> _What to produce_
Line for line, return the data exactly, omitting all pictures.

> _Collected data_

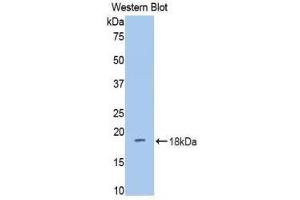 Western Blotting (WB) image for anti-Dipeptidyl-Peptidase 4 (DPP4) (AA 631-760) antibody (ABIN1858663) (DPP4 Antikörper  (AA 631-760))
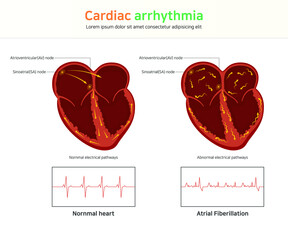 Cardiac arrhythmia. wolff-parkinson-white syndrome. atrial fibrillation - obrazy, fototapety, plakaty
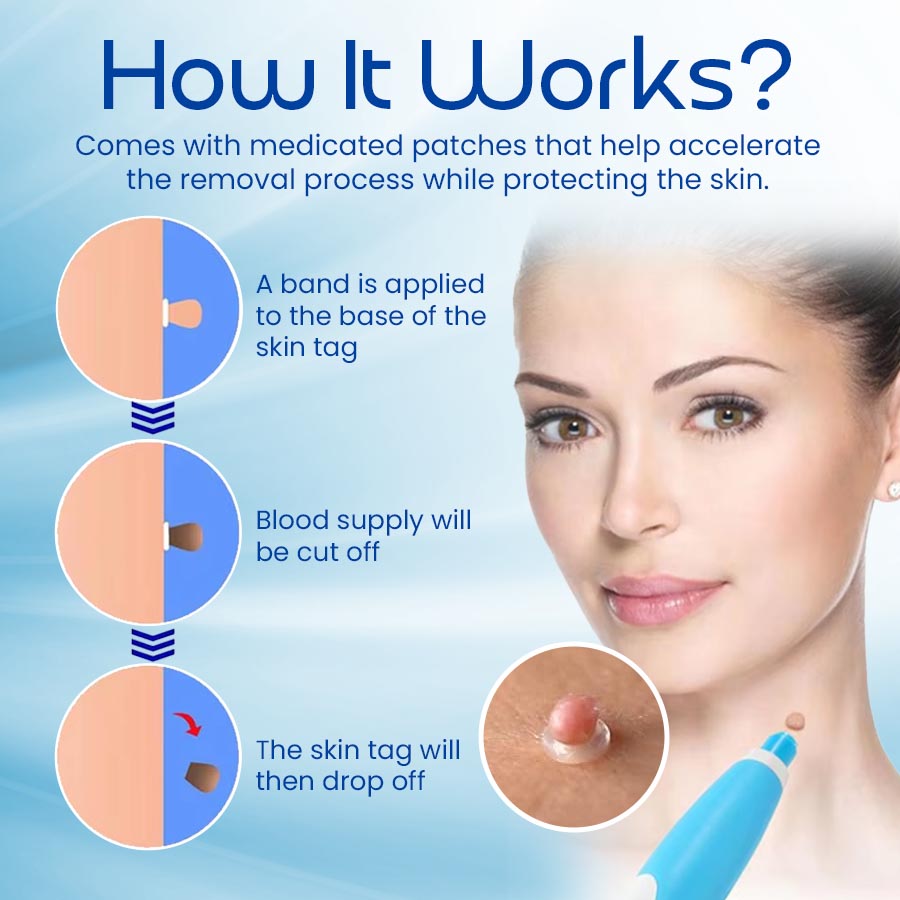 Skin Tag Remover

> _Solved exercise_
 Western Blotting (WB) image for anti-Dipeptidyl-Peptidase 4 (DPP4) (AA 631-760) antibody (ABIN1858663) (DPP4 Antikörper  (AA 631-760))
 Cardiac arrhythmia. wolff-parkinson-white syndrome. atrial fibrillation - obrazy, fototapety, plakaty
 Skin Tag Remover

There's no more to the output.